Tal como acontece nos divórcios, há um momento em que as pessoas deixam de ter medo de pronunciar alto aquilo que lhes vai na cabeça. É esse o momento da viragem, quando a ideia de rutura passa a ser não apenas equacionada para dentro, mas assumida para o mundo como hipótese em causa. É esse o momento do tudo ou nada que vive a Europa dos 27. “A União Europeia ou faz o que tem a fazer ou acabará”, disse limpidamente António Costa, que reputou também de “repugnantes” as palavras do ministro das Finanças holandês. Durante uma reunião de emergência do Conselho Europeu, Wopke Hoekstra terá dito que a Comissão Europeia devia investigar países como Espanha, que alegam não ter margem orçamental para lidar com os efeitos da crise provocada pela Covid-19.

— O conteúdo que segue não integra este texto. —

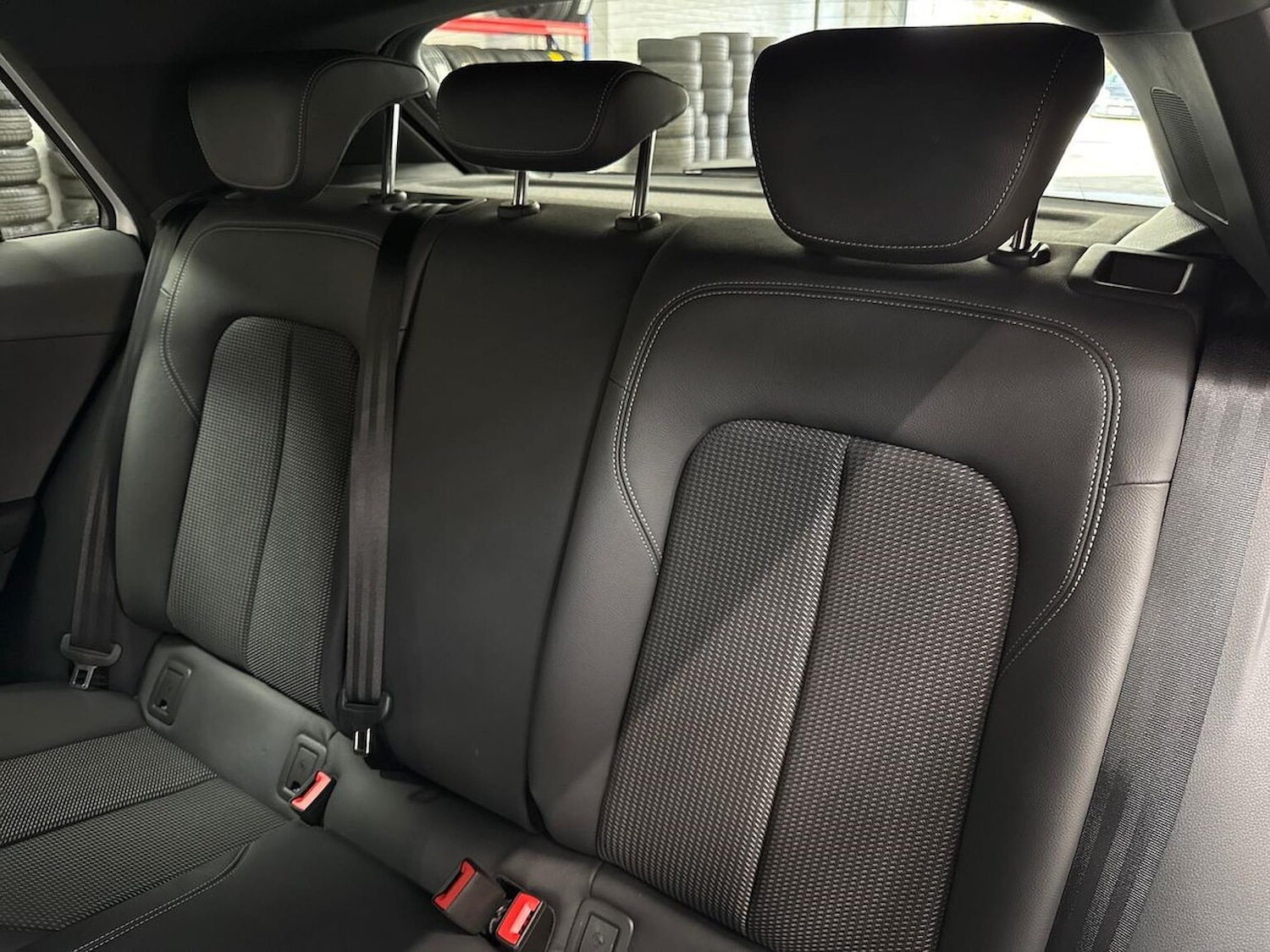 Used Audi Q2 2024 for sale - 78121825: Photo 18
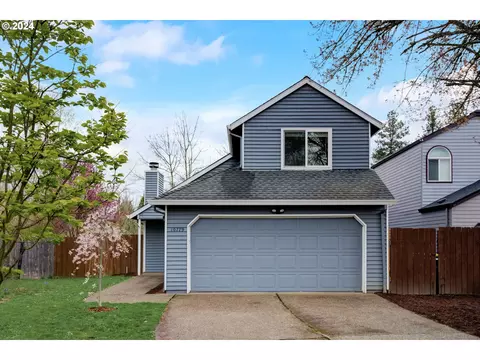 10779 SW 106th Ave, Portland, OR 97223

Parece tudo um triste déjà vu, uma repetição da resposta à crise da dívida de 2009 que quase deitou abaixo o euro, causando ondas de choque que persistem até hoje. Nessa altura, perante uma situação excecional que conjugou uma crise financeira global determinada pela falência da Lehman Brothers, uma bolha imobiliária e uma desaceleração económica, a resposta da União Europeia foi idêntica: salve-se quem puder. Ou seja, nula.
A incapacidade para se encontrar uma solução em bloco para uma crise que afetava mais os países com economias mais vulneráveis deixou bem clara a fragilidade dos alicerces sobre os quais assenta uma união que é apenas económica, e não financeira nem orçamental ou tão pouco política.
E que serve nas horas boas mais a alguns e nas más apenas aos mais fortes. A criação do Fundo Europeu de Estabilização Financeira e do Mecanismo Europeu de Estabilidade e as medidas atenuantes levadas a cabo pelo Banco Central Europeu vieram disfarçar o que foi indisfarçável: a inexistência de uma solidariedade comunitária e de capacidade de resposta em bloco nas crises.
Vive-se agora a mesma incapacidade de responder a uma só voz perante uma ameaça comum. E, mais uma vez, os países mais frágeis são deixados à sua sorte. Recusa-se as soluções possíveis, como as Eurobons, que no passado obviariam à pressão enorme sobre a dívida pública da Grécia, de Portugal ou de Itália. Não tenhamos dúvidas: as “Coronabonds”, ou a emissão de dívida comum pela União Europeia, são, novamente, a única salvação para a profunda crise económica e financeira que aí vem. Ou serão, mais uma vez, os mais fragilizados a serem destroçados, pondo opirremediavelmente em risco o euro e o projeto europeu. É demasiado mau que a UE não consiga aprender com os seus próprios erros.